Contact banks and/or retailers directly
Cybercriminals often try to impersonate legitimate businesses and/or banking institutions in smishing texts to get people to compromise credit card numbers and identifiable information. If you receive a text and question its validity, the best thing you could do is contact the bank or retailer directly.
Avoid clicking on suspicious links and files
A hacker’s first step in a smishing attack is attaching an infected link. These may direct you to a site infected with spyware to record what you type or install malware onto your device. Avoid clicking on these links at all costs. And if you can tell a text is untrustworthy upon receiving it, simply delete it immediately.
Inspect new phone numbers
Strange-looking phone numbers may indicate that the text is a part of a smishing campaign. Take notice of four-digit numbers or any others that stray from the typical 10-digit format.
Never send personal information via text
Online scammers love to use the mystery behind our screens to trick us into compromising our most private information. To help keep yourself safe, never give out personal details, such as passwords, credit card numbers, addresses, and emails via text.
Use two-factor authentication
If you do happen to fall for a smishing scan and expose one of your passwords, two-factor authentication can work as another means of protection. Biometric technology uses fingerprint technology and facial recognition to verify your identity when you attempt to log in.

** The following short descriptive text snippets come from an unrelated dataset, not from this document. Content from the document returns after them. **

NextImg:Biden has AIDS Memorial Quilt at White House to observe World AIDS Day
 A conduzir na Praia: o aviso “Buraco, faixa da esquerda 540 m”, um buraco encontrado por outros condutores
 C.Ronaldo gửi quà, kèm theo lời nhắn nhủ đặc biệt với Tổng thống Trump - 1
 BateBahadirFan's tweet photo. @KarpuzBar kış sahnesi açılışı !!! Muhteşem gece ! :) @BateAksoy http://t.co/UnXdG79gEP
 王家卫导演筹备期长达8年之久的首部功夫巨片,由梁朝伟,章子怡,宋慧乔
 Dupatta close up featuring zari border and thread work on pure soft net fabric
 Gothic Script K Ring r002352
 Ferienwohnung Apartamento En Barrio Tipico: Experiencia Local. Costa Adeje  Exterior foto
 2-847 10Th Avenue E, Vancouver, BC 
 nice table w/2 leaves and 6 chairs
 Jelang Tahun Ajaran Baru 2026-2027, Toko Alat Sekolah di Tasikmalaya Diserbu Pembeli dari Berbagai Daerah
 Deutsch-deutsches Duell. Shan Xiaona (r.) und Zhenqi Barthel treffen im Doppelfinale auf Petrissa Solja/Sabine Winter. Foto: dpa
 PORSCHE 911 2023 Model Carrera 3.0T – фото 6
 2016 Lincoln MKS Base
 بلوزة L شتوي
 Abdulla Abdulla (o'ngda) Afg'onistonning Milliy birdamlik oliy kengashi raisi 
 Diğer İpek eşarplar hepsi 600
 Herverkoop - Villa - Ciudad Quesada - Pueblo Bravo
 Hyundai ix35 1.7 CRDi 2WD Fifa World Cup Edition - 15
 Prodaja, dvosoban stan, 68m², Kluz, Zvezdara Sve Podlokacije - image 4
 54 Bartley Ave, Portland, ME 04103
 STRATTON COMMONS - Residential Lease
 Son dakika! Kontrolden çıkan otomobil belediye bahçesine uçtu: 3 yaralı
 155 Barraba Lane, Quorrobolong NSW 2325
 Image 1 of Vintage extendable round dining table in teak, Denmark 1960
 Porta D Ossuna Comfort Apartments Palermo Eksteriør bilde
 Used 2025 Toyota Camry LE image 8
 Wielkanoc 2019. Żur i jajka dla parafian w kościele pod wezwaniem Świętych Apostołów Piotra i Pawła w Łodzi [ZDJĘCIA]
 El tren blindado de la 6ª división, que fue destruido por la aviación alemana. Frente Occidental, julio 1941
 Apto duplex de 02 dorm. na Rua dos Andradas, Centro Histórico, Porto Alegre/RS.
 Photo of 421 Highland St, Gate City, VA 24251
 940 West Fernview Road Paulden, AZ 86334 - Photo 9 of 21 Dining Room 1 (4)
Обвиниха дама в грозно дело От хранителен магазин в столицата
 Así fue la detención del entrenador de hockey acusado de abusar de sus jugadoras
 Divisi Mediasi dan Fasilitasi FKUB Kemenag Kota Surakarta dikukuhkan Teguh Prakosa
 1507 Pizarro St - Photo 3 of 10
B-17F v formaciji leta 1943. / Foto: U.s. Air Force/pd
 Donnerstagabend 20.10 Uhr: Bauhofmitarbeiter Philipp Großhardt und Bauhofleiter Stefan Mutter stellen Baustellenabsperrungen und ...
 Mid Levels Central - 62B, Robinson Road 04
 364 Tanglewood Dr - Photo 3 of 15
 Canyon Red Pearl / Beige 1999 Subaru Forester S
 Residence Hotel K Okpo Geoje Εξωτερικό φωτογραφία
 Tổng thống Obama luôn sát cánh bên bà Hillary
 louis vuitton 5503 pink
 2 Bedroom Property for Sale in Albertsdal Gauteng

Download antivirus software
Cyberthieves often embed different types of malware into their smishing attacks to compromise your cybersecurity. Downloading trusted antivirus software can help keep your device secure by bringing these potential threats to your attention and destroy them if they’re legitimate.
Report smishing attacks
If you come across a potential smishing scam, report it to the authorities. You can forward all malicious text messages to SPAM (7726) and/or reach out to the FTC directly at ReportFraud.ftc.giv.
In most instances, the text messages you receive are totally fine. But it only takes one bad one to compromise your cybersecurity. With common sense and caution, you can keep your privacy, identity, and mobile devices secure.